DATA REPORT article
Neuromorphic Vision Datasets for Pedestrian Detection, Action Recognition, and Fall Detection
- 1College of Automotive Engineering, Tongji University, Shanghai, China
- 2Robotics, Artificial Intelligence and Real-Time Systems, Technische Universität München, München, Germany
Large-scale public datasets are vital for algorithm development in the computer vision field. Thanks to the availability of advanced sensors such as cameras, Lidar and Kinect, massive well-designed datasets created by researchers are free to the scientific and academic world. ImageNet (Deng et al., 2009) is one of the most representative examples which is widely used for image recognition tasks in computer vision. UCF 101 (Soomro et al., 2012) is another large-scale dataset used for human action recognition. However, both of the above datasets provide only the appearance information of objects in the scene. With the limited information provided by RGB images, it is extremely difficult to solve certain problems such as the partition of the foreground and background which have similar colors and textures. With the release of the low-cost Kinect sensor in 2010, acquisition of RGB and depth data became cheaper and easier. Not surprisingly, increasing RGB-D datasets, recorded by the Kinect sensor and dedicated to a wide range of applications, have become available (Cai et al., 2017). We see the same trend, the KITTI dataset (Geiger et al., 2013), starting to occur in the autonomous driving community due to the availability of the Velodyne HDL-64E rotating 3D laser scanner. It is clear that the advent of new sensors always brings opportunities for new dataset development. In this data report, we introduce three new neuromorphic vision datasets recorded by a novel neuromorphic vision sensor named Dynamic Vision Sensors (DVS) (Lichtsteiner et al., 2008).
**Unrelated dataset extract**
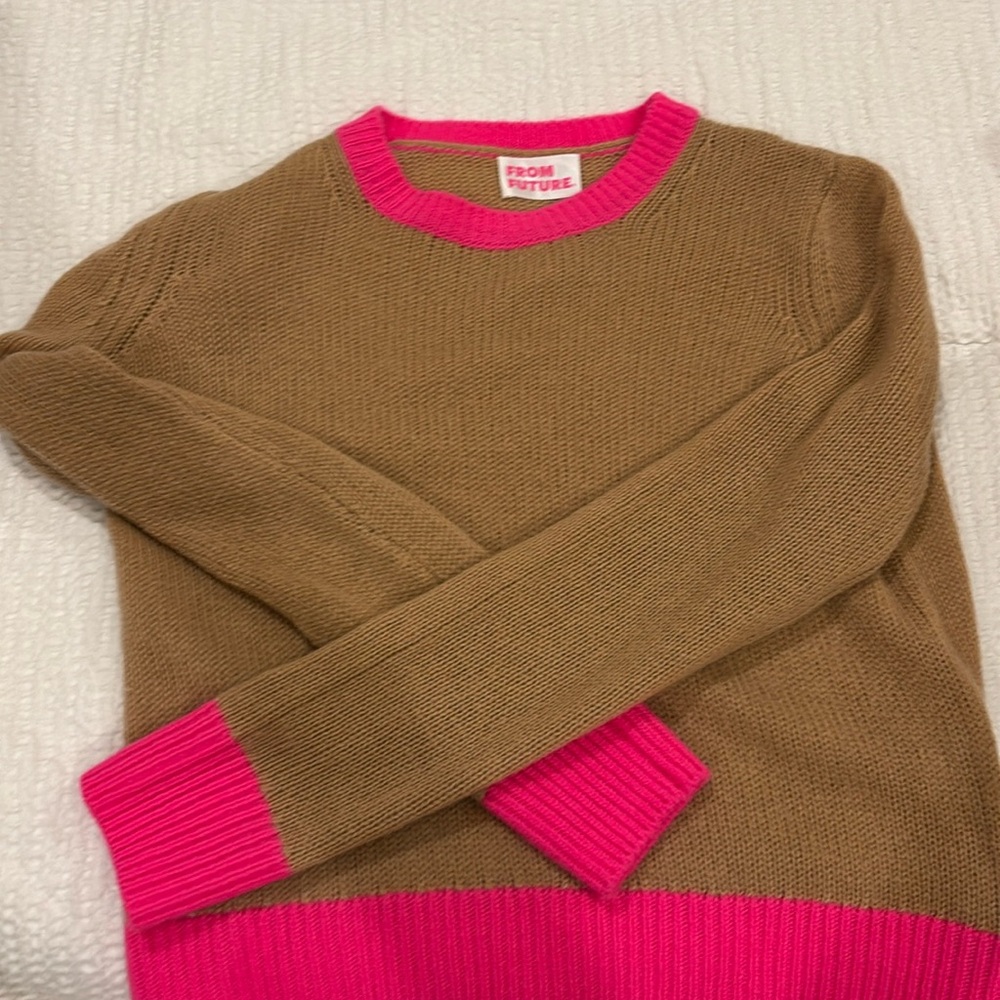 Tan sweater with pink border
DVS is a novel type of neuromorphic-based vision sensor, developed by Lichtsteiner et al. (2008). The sensor records event streams as a sequence of tuples [t, x, y, p], where t is the timestamp of the event, (x, y) is the pixel coordinates of the event in 2D space and p is the polarity of the event indicating the brightness change. Compared to the conventional frame-based cameras, neuromorphic vision sensors are frameless which take a radically different approach, doing away with images completely. It properly addresses the universal drawbacks of conventional frame-based cameras, such as data redundancy, high latency and low temporal resolution in a fresh new paradigm. This sensor has matured to the point of entering commercial market only in the last decade. As a much younger field, one of the main challenges faced is the lack of neuromorphic vision datasets impeding the progress of the field. We can thus learn from the rapid development and maturation of computer vision.
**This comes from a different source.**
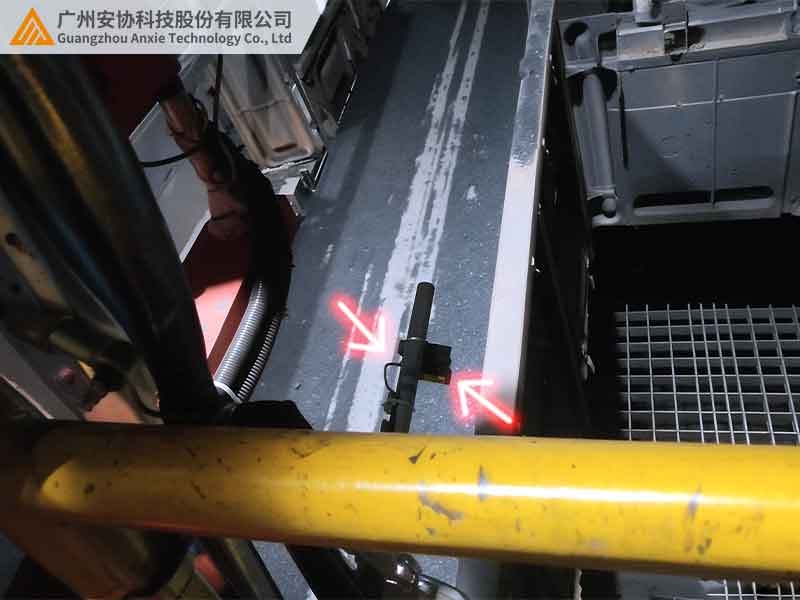 漫反射光幕如何检测井下煤矿斗车是否入列.jpg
It cannot be doubted that neuromorphic vision research will benefit from new datasets similar to those of computer vision. However, the unique difficulty in the datasets arises because neuromorphic vision data differs significantly from conventional camera data and no direct method for converting between two data formats exists. To address this, we introduce the largest neuromorphic vision datasets targeting the three human motion related tasks: pedestrian detection, human action recognition and human fall detection. We hope that those datasets will meet the significant demands of the neuromorphic vision, computer vision and robotic communities. More specifically, the open access of three datasets should stimulate the development of algorithms processing the event-based asynchronous stream input. In addition, to allow for a fair comparison with frame-based computer vision, we also introduce three encoding methods which are used to convert the spatio-temporal data format to conventional frames.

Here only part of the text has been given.